Show replies by date

Phil Endecott

28 Jan 28 Jan

5:49 p.m.

Hi Erik, Erik Erlandson wrote:

...

I would like to request a formal review for inclusion of the edit_distance() function.

Congratulations on your progress. I have tried your code and done a quick benchmark comparison with my own version of Myers' algorithm. I'm pleased to see that you have excellent performance. In particular, the way that you have chosen to store the state needed for generating the script seems more performant than mine, which uses std containers and copying. (If I were doing it again today I might try to use Boost.Intrusive.) Some comments: - I think it should be possible to relax the requirement for random access iterators.
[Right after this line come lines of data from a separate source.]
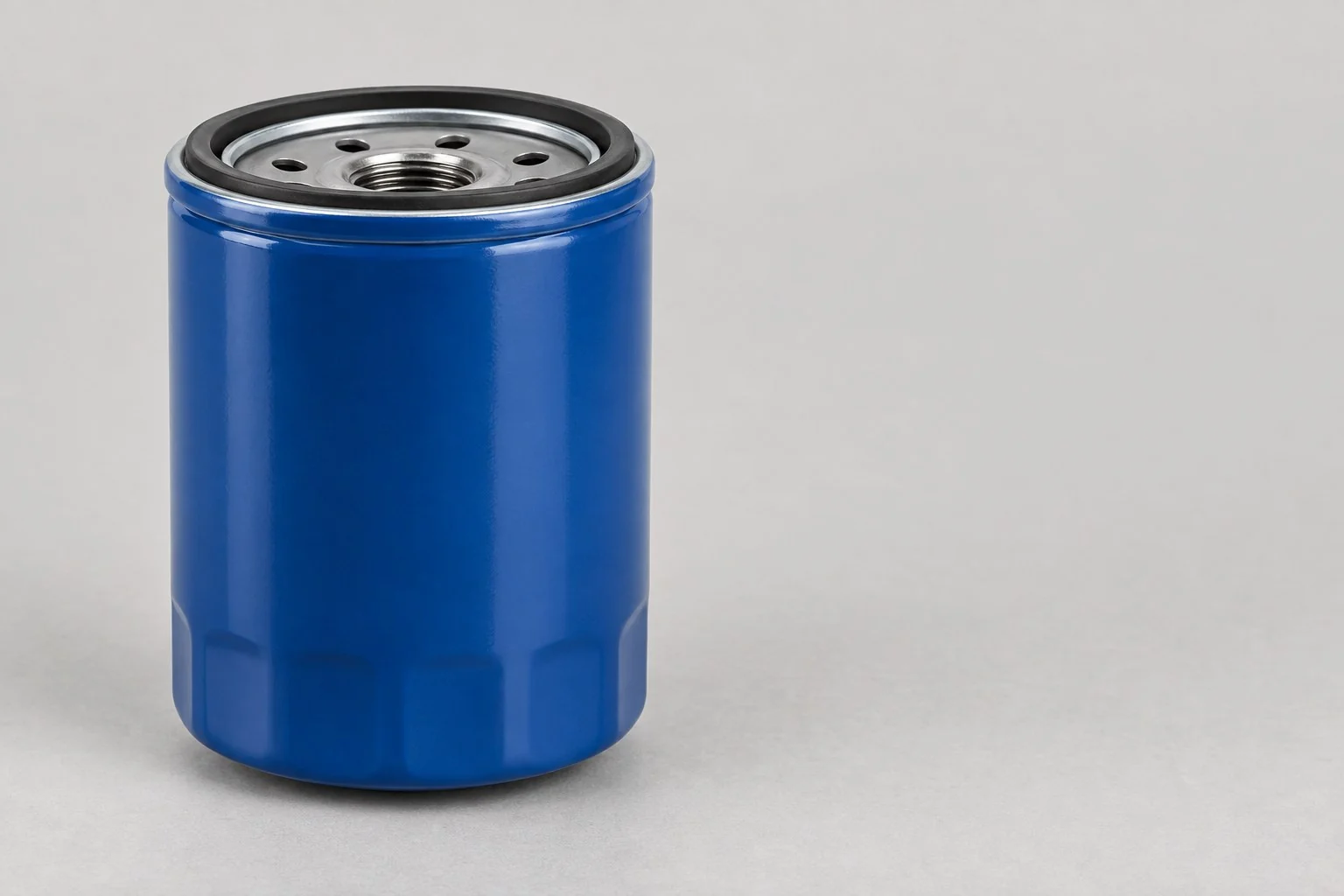 Blue spin-on oil filter with a black gasket and threaded centre, without annotations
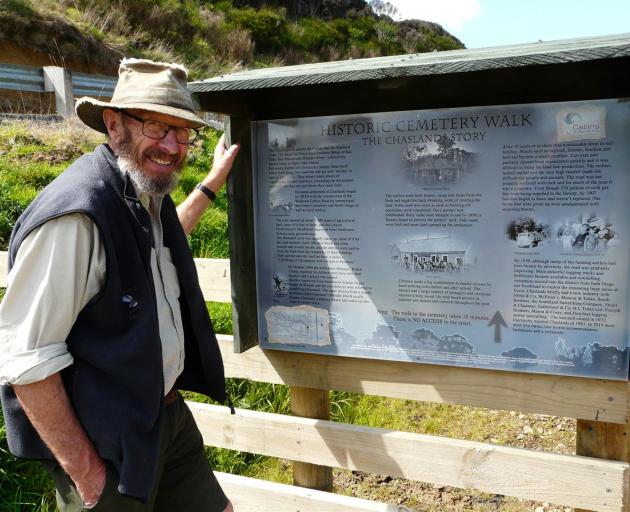 Project spokesman Fergus Sutherland inspects one of two new interpretation panels at the Chaslands Heathfield Cemetery, which will be reopened on Saturday. Photo: Richard Davison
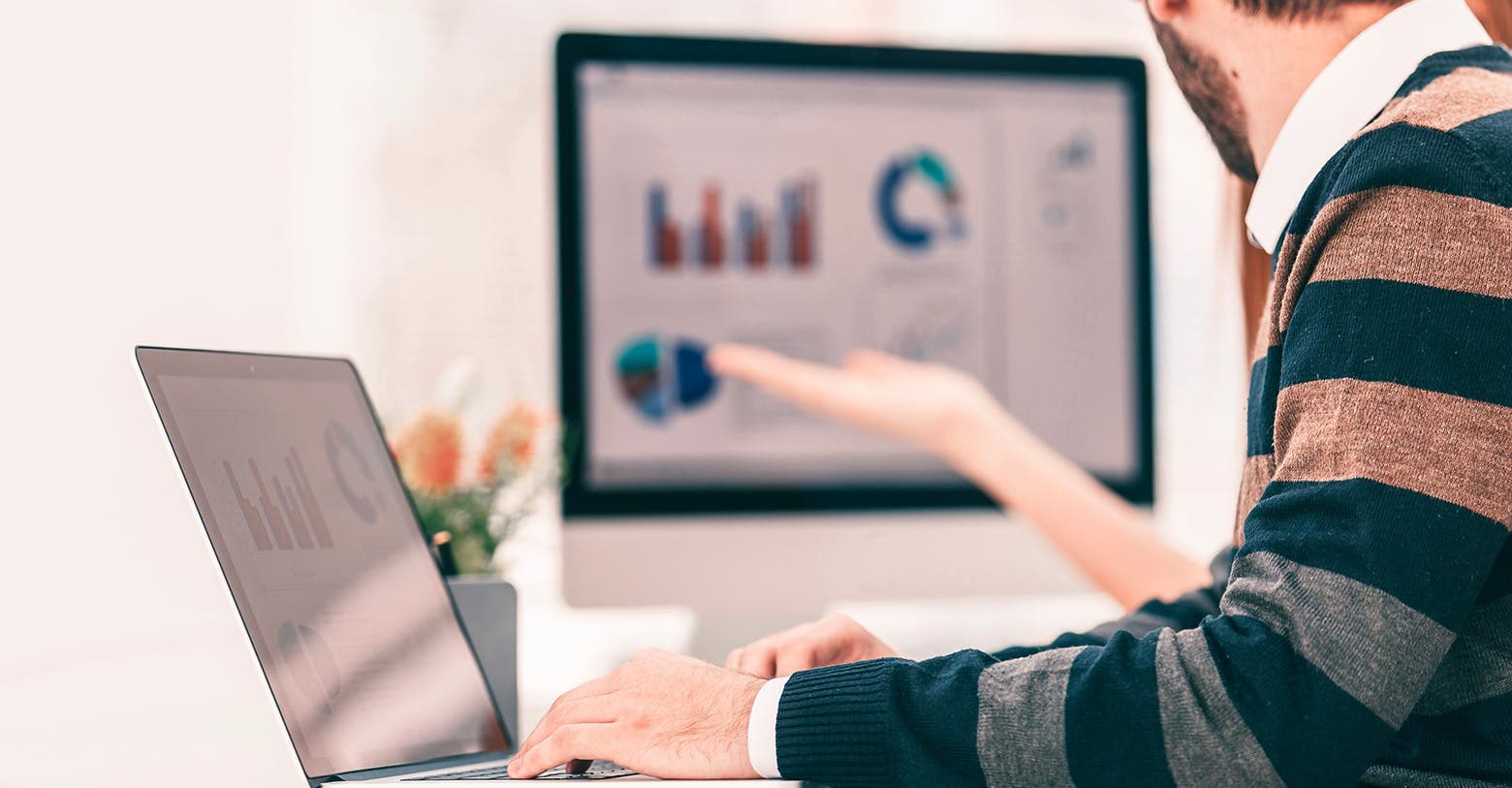 Image of a man sitting at a laptop with a screen showing graphs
Either continue to store integers and then use std::advance, or store iterators. I'm considering, for example, comparing UTF-8 with an iterator adaptor than changes a random-access iterator over the underlying bytes into a bidirectional iterator over the characters. - Have you looked at the supposedly better algorithm "An O(NP) Sequence Comparison Algorithm" by Sun Wu, Udi Manber, and Gene Myers ? - It may be useful to group contiguous operations of the same kind, i.e. a "run" of N equal characters would result in one call to the output script object, rather than N calls. This can be achieved by merging in the script object, but that would be less efficient than passing the entire run as an iterator pair: PSEUDO-CODE!!! struct output { std::string pending; enum ... last_action; void insertion(char e, int) { if (last_action != insert) { flush(); last_action = insert; } pending.append(e); } // etc. void flush() { do_something_with(pending); pending.clear(); } }; vs. struct output { template <typename ITER_T> void insertion(ITER_T begin, ITER_T end) { do_something_with(begin,end); } }; - Some might prefer a version that doesn't use Boost.Parameter. - In the same vein, you might offer a version that takes an iterator pair rather than a range. - My experience has been that early termination is best expressed in terms of RAM, i.e. the caller could indicate a maximum amount of RAM, in bytes, rather than a maximum for the edit cost. You can probably convert between them via sizeof. - I'm not convinced that the /sequence/ in the include path is useful. Why not just put it in boost/algorithm/ ? - It would be great to see a benchmark against GNU diff! I hope Marshall is reading. What exactly is the process going to be for getting this into Boost.Algorithm? Regards, Phil.

Erik Erlandson

9:01 p.m.

----- Original Message -----

...

Hi Erik,

Erik Erlandson wrote:

...
I would like to request a formal review for inclusion of the edit_distance() function.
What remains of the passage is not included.